▸ TASK:
Beginning with the line that mentions "alfteranb's profile banner image", reproduce every line through the last line of the entries, exactly, and only those.

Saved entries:
++++

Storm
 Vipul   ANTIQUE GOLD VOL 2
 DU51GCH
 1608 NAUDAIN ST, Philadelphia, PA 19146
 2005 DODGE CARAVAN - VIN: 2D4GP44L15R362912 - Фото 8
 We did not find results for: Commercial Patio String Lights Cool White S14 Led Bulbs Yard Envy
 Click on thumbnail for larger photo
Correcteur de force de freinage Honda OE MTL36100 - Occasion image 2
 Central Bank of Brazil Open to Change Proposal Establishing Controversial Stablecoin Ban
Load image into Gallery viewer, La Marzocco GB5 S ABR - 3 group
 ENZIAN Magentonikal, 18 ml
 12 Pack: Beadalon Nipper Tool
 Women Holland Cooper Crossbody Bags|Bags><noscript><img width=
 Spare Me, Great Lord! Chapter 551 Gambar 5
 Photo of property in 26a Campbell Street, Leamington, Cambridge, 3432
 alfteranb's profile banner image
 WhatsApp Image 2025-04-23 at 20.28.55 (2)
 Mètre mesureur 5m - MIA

++++

▸ YOUR RESPONSE:
 alfteranb's profile banner image
 WhatsApp Image 2025-04-23 at 20.28.55 (2)
 Mètre mesureur 5m - MIA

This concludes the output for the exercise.